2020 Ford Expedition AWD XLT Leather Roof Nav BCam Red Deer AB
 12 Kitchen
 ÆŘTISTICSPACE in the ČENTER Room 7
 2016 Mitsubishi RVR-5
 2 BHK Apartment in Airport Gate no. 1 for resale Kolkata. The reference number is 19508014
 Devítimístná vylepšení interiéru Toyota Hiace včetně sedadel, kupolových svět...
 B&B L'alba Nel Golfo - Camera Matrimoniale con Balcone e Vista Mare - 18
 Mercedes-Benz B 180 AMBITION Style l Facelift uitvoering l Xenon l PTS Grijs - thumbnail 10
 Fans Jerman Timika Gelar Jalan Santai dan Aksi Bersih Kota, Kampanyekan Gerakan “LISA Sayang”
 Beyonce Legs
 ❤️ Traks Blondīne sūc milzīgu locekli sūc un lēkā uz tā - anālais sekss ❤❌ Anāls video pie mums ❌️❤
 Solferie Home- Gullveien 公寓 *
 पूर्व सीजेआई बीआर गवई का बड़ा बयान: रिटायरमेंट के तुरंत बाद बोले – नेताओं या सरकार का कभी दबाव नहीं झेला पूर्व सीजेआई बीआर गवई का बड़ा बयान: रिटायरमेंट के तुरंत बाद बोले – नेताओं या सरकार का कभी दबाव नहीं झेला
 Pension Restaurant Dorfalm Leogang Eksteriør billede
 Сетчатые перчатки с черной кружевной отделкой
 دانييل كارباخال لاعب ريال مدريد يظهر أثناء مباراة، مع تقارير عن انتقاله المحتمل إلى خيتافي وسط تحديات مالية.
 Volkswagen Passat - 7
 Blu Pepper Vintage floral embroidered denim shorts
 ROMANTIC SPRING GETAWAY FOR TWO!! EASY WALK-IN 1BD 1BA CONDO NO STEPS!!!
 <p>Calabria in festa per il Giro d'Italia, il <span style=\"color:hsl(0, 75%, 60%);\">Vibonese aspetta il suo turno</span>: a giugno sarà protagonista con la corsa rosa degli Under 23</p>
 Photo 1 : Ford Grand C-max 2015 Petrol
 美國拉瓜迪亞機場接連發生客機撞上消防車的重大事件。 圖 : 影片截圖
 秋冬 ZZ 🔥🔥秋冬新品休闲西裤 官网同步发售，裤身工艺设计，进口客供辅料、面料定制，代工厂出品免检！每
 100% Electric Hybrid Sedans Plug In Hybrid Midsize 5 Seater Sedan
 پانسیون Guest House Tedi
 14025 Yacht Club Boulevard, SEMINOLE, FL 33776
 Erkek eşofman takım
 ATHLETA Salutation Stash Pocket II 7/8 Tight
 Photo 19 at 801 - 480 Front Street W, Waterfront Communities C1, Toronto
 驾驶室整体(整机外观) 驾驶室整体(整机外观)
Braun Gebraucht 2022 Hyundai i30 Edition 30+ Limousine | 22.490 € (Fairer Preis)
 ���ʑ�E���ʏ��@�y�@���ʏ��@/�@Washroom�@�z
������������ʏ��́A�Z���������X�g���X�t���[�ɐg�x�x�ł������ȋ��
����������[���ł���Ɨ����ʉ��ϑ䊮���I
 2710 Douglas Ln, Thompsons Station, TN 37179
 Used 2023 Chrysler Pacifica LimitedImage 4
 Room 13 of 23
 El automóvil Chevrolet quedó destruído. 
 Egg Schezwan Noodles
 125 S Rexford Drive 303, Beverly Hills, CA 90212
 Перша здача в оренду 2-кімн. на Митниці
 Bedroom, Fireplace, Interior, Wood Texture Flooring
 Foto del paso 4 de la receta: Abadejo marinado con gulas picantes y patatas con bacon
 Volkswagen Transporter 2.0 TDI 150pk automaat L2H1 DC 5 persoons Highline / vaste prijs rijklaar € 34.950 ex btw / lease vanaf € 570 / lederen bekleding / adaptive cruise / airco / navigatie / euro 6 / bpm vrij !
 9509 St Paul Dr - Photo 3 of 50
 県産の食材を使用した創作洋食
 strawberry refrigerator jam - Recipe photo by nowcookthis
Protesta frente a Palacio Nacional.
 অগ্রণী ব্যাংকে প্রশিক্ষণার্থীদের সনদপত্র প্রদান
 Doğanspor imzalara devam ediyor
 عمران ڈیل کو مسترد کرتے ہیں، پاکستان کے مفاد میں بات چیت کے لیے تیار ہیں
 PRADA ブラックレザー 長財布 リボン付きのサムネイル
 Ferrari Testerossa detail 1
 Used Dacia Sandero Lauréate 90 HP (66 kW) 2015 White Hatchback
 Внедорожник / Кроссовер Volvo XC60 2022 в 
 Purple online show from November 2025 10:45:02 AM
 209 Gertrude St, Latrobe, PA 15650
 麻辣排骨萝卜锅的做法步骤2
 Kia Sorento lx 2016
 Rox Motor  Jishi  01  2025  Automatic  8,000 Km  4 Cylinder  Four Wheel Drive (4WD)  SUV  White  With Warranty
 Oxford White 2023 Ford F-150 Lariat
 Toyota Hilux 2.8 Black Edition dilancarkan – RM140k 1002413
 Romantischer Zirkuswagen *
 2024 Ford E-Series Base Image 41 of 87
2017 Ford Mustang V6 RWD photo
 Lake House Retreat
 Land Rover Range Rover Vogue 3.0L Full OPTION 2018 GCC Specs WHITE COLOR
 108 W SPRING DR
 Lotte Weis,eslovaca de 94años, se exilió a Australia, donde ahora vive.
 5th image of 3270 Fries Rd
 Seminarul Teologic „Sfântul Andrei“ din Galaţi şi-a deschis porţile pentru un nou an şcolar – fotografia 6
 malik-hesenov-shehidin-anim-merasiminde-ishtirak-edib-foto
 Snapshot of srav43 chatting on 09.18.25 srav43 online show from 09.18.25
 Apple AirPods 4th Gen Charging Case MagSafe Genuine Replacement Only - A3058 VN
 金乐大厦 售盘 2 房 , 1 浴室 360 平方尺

■ **WHAT NEEDS TO BE DONE**
Each line in the data that holds the word "Drive" must be copied.

■ **RESPONSE AREA**
 125 S Rexford Drive 303, Beverly Hills, CA 90212
 Rox Motor  Jishi  01  2025  Automatic  8,000 Km  4 Cylinder  Four Wheel Drive (4WD)  SUV  White  With Warranty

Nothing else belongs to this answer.